13 milliards. Certes, ce sont des dollars. Il n’empêche, cela fait tout de même plus de 11 milliards d’euros. Stellantis a annoncé mardi après-midi un investissement colossal dans les quatre prochaines années aux Etats-Unis, dévoilant ainsi clairement ses priorités géographiques. Il s'agit du plus gros investissement en cent ans pile d'histoire de Chrysler.
Alors que l’équipe des dirigeants du groupe « s’italianise » avec le retour sur le devant de la scène des anciens de Fiat Chrysler Automobiles (FCA), c’est tout naturellement que Stellantis retrouve un tropisme américain… qui était déjà celui de FCA.
Né de la fusion entre PSA et FCA en janvier 2021, Stellantis compte créer 5 000 emplois outre-Atlantique et vise une « une augmentation de 50% de sa production américaine grâce au lancement de cinq nouveaux véhicules et à dix-neuf évolutions de produits », précise le communiqué de la firme franco-italo-américaine.
Deux Jeep (Cherokee et Compass) seront produites à Belvedere (Illinois), tout comme un nouveau pick-up de taille moyenne (à l’échelle américaine) à Toledo (Ohio), un grand SUV à Warren (Michigan).
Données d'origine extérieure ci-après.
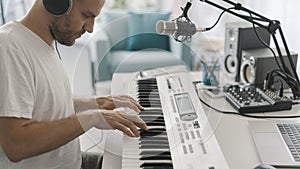 Professional musician playing and composing music at home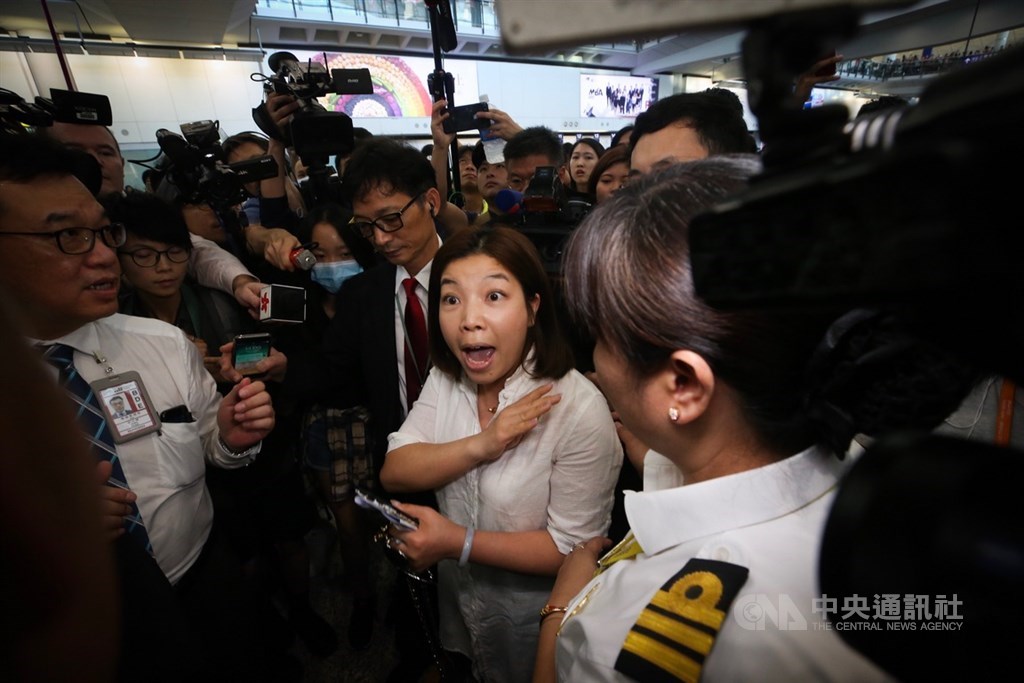 香港國際機場9日有民眾發起「反送中」集會,他們穿著黑衣在入境大廳靜坐表訴求,不過有一名女子到場表達反對示威者立場,隨即被帶離集會現場。中央社記者吳家昇攝 108年8月9日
Enfin, un remplaçant de l’énorme et traditionnel 4x4 Durango sera fabriqué à Detroit (Michigan). « Ce plan d’investissement aux États-Unis va soutenir notre croissance, renforcer notre présence industrielle », déclare Antonio Filosa, directeur général de Stellantis, qui conserve ses précédentes fonctions de directeur général pour l’Amérique du nord - c’est dire.
« Accélérer la croissance aux États-Unis a été une de mes priorités depuis le début de mon mandat », ajoute le remplaçant de Carlos Tavares. Voilà de quoi plaire à Donald Trump, à qui le président de Stellantis John Elkann s’était empressé de rendre visite juste après sa prise de fonctions. Ce tropisme américain est logique. C’est là que le groupe Fiat, devenu FCA en 2014, puis Stellantis a réalisé et de loin ses meilleures marges. Les Américains achètent surtout des gros véhicules, bien plus profitables, dont la technologie est en outre plus rustique donc moins onéreuse que les modèles européens à petits moteurs hyper-sophistiqués.